Functions which encourage buffer overflows
------------------------------------------

* gets()
* strcat()
* strcpy()
* sprintf()
* vsprintf()
* bcopy()
* scanf()
* fscanf()
* sscanf()
* getwd()
* getopt()
* realpath()
* getpass()

The list goes on and on and on. Need I say more? Well, yes I do.

You see, even if you're not writing any memory you can still access
memory you're not supposed to. C can't be bothered to keep track of the
ends of strings; the end of a string is indicated by a null '\0'
character. All fine, right? Well, some functions in your C library,
such as strlen(), perhaps, will just run off the end of a 'string' if
it doesn't have a null in it. What if you're using a binary string?
Careless programming this may be, but we all make mistakes and so the
language authors have to take some responsibility for being so
intolerant.

No builtin boolean type
-----------------------

If you don't believe me, just watch:

$ cat > test.c
int main(void)
{
bool b;
return 0;
}

$ gcc -ansi -pedantic -Wall -W test.c
test.c: In function 'main':
test.c:3: 'bool' undeclared (first use in this function)

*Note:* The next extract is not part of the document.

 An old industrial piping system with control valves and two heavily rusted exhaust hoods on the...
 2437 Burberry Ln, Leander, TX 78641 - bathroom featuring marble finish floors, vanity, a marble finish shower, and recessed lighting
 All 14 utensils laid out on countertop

Not until the 1999 ISO C standard were we finally able to use 'bool' as
a data type. But guess what? It's implemented as a macro and one
actually has to include a header file to be able to use it!

High-level or low-level?
------------------------

On the one hand, we have the fact that there is no string type and
little automatic memory management, implying a low-level language. On
the other hand, we have a mass of library functions, a preprocessor and
a plethora of other things which imply a high-level language. C tries
to be both, and as a result spreads itself too thinly.

The great thing about this is that when C is lacking a genuinely useful
feature, such as reasonably strong data typing, the excuse "C's a
low-level language" can always be used, functioning as a perfect
'reason' for C to remain unhelpfully and fatally sparse.

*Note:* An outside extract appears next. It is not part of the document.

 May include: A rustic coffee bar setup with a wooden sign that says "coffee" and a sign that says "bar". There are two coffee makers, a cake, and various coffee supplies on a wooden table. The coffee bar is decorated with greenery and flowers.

The original intention for C was for it to be a portable assembly
language for writing UNIX. Unfortunately, from its very inception C has
had extra things packed into it which make it fail as an assembly
language. Its kludgy strings are a good example. If it were at least
portable these failings might be forgivable, but C is not portable.

Integer overflow without warning
--------------------------------

Self explanatory. One minute you have a fifteen digit number, then try
to double or triple it and - boom - its value is suddenly
-234891234890892 or something similar. Stupid, stupid, stupid. How hard
would it have been to give a warning or overflow error or even just
reset the variable to zero?

This is widely known as bad practice. Most competent developers
acknowledge that silently ignoring an error is a bad attitude to have;
this is especially true for such a commonly used language as C.

Portability?!
-------------

Please. There are at least four official specifications of C I could
name from the top of my head and no compiler has properly implemented
all of them. They conflict, and they grow and grow. The problem isn't
subsiding; it's increasing each day. New compilers and libraries are
developed and proprietary extensions are being developed. GNU C isn't
the same as ANSI C isn't the same as K&R C isn't the same as Microsoft
C isn't the same as POSIX C. C isn't portable; all kinds of machine
architectures are totally different, and C can't properly adapt because
it's so muttonheaded. It's trapped in The Unix Paradigm.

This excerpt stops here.